Go to the line below containing "最新哈尔滨工业大学排名多少位" and print exactly from there through the line containing "玉川(>2023年12月03日)のアメダスグラフ", both included. Print nothing else.

* [DATA]:
·····
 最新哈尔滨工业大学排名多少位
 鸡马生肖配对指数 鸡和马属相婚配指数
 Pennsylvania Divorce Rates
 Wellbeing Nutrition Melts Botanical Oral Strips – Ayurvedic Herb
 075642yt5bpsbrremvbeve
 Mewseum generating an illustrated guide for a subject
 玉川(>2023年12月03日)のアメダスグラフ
·····
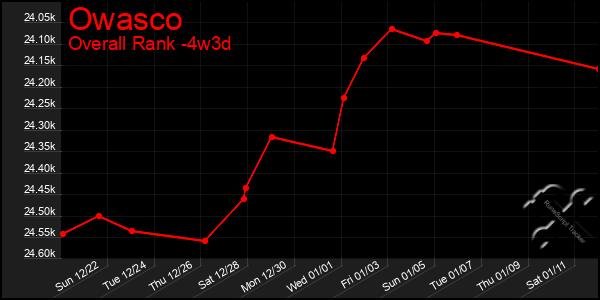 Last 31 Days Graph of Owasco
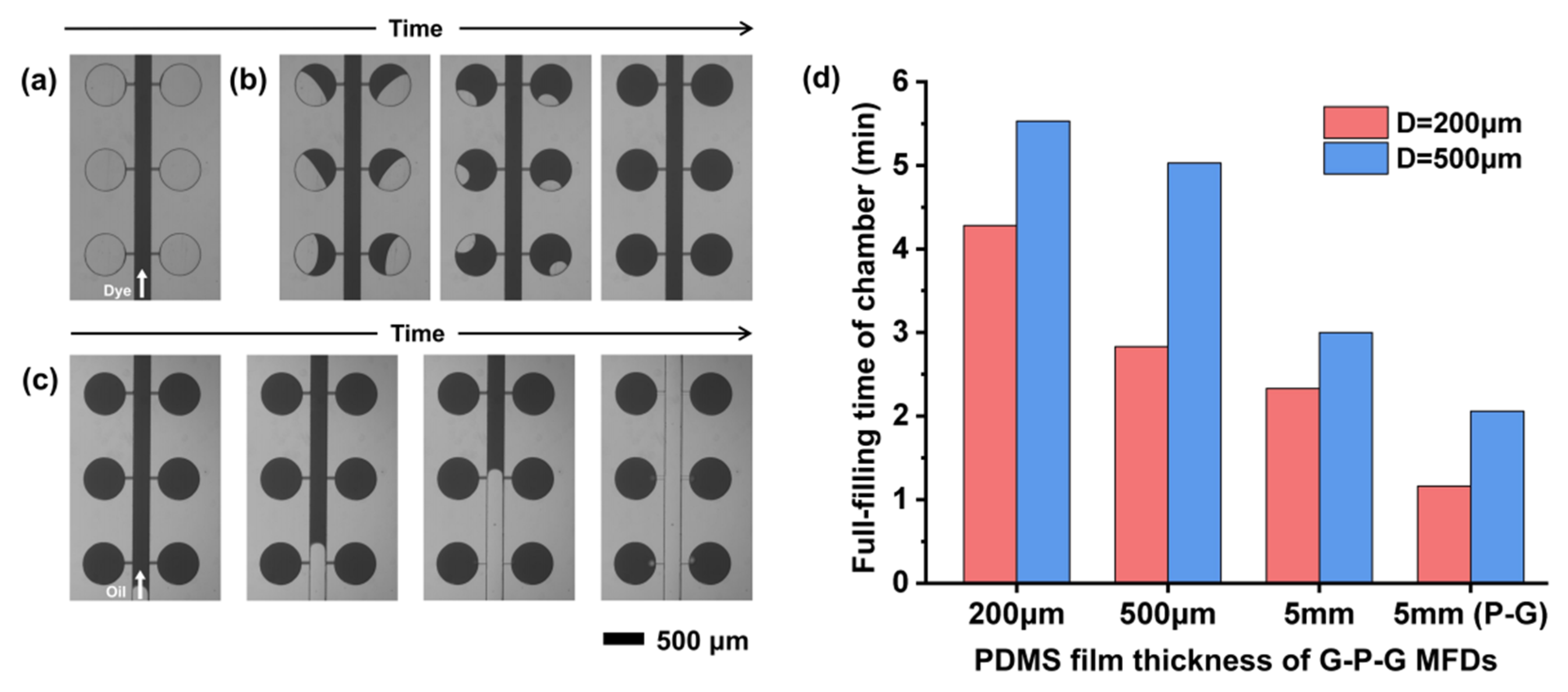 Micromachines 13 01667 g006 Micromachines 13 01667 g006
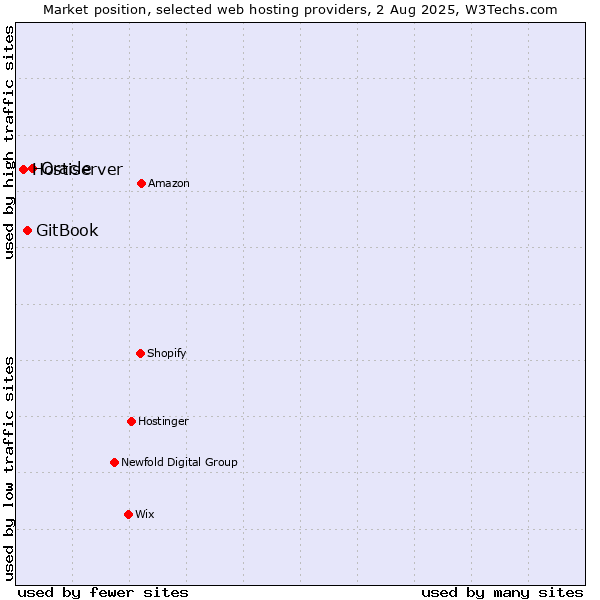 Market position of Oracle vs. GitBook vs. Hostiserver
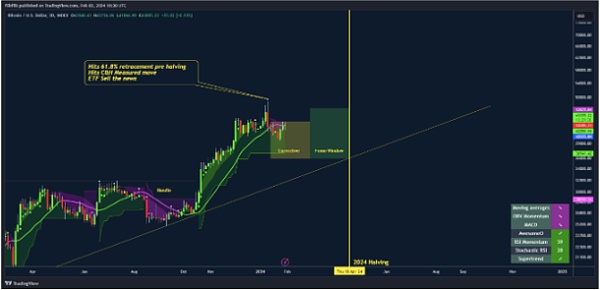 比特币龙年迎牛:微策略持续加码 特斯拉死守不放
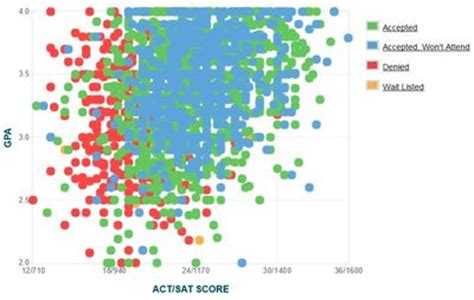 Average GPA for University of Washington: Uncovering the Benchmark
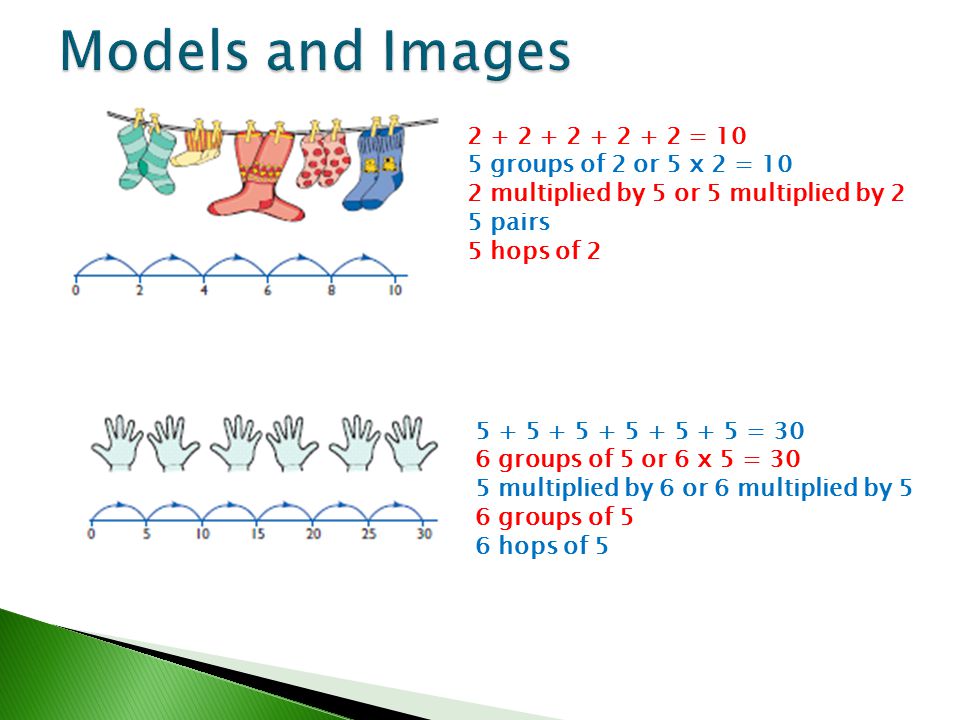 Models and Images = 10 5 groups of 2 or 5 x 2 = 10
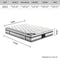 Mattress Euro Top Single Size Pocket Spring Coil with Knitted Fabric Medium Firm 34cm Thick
·····
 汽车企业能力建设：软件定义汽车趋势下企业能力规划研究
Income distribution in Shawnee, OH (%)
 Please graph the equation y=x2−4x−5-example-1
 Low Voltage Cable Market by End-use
·····
* [OUTPUT FOR THIS TASK]:
 最新哈尔滨工业大学排名多少位
 鸡马生肖配对指数 鸡和马属相婚配指数
 Pennsylvania Divorce Rates
 Wellbeing Nutrition Melts Botanical Oral Strips – Ayurvedic Herb
 075642yt5bpsbrremvbeve
 Mewseum generating an illustrated guide for a subject
 玉川(>2023年12月03日)のアメダスグラフ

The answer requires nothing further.